Por força de lei, para as obras fotográficas e audiovisuais vale como die a quo da contagem do prazo o dia primeiro de janeiro subsequente à divulgação ou post publicationem operis. Para os demais tipos de manifestação do pensamento, vale a regra geral, ou seja, o prazo é contado a partir de primeiro de janeiro do ano subsequente à morte do autor, ou post mortem auctoris. Para as obras publicadas postumamente o prazo não muda, continua sendo de 70 anos dentro da regra geral. Na obra em co-autoria indivisível conta da morte do último dos co-autores sobreviventes. Na obra anônima ou pseudônima conta-se o prazo a partir de primeiro de janeiro à primeira publicação, mas se o autor que usa pseudônimo for conhecido ou se der a conhecer antes do término do prazo vai valer a regra geral.

A justificativa legislativa para o tamanho do prazo é a expectativa de vida de uma geração de herdeiros. O autor goza por toda a vida, e os herdeiros por 70 anos a contar da morte do autor. É por isso, inclusive, que as obras de autor falecido que não deixa herdeiros entra imediatamente em domínio público, assim como aquelas que não tem autor conhecido.

Após o prazo, a obra entra em um estado denominado domínio público, em que qualquer uso que preserve a integridade e paternidade da obra é autorizado ex vi lege. Não há necessidade de pedir ou pagar nada a ninguém, especialmente ao Estado.

Ressalva importante. Os direitos patrimoniais se extinguem no domínio público, mas os morais não. Aquele que usa a obra que está em domínio público é obrigado a respeitar a paternidade e a integridade. Em caso de desrespeito, caberá ao Estado o ônus de assegurar que seja cessada a utilização ilícita da obra.

É um erro entender que esse ônus do Estado em defender a paternidade e a integridade da obra em domínio público transferiria para ele as faculdades inerentes ao direito de autor. Domínio público não é sinônimo de patrimônio do Estado.

Não se tem um estudo aprofundado sobre a natureza jurídica do domínio público. Alguns dizem que é uma situação normal do direito de autor, outros fazem um paralelo entre o domínio público e as restrições que a propriedade sofre em razão da função social obrigatória.

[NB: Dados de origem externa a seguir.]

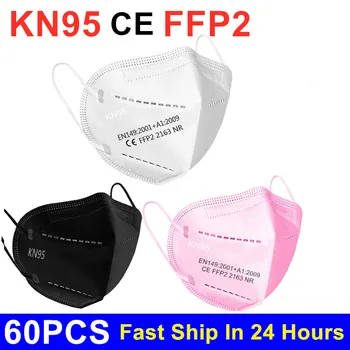 60PCS FFP2 KN95 ansigtsmaske PM2.5 CE-5 Lag Filter Munden Hætte, Åndbar Beskyttende Sundhed Masker For Ansigtet Mascarillas Mondkapjes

O Brasil não adota o chamado domínio público remunerado, que seria uma taxa paga ao Estado pelo uso da obra em domínio público. A opção por esse sistema reconhece que o domínio público existe para devolver à sociedade a obra que, de certa forma, ela "ajudou" a criar. Cobrar por isso seria um retrocesso, visto que dificultaria a circulação da obra que mereceu ser lembrada depois do prazo. Reconhece, outrossim, que cobrar pode significar censura encoberta ou dirigismo intelectual, afinal, o Estado poderia escolher as obras que custariam mais ou menos para serem publicadas. Ou pior, exigir uma autorização para publicação que poderia ser negada.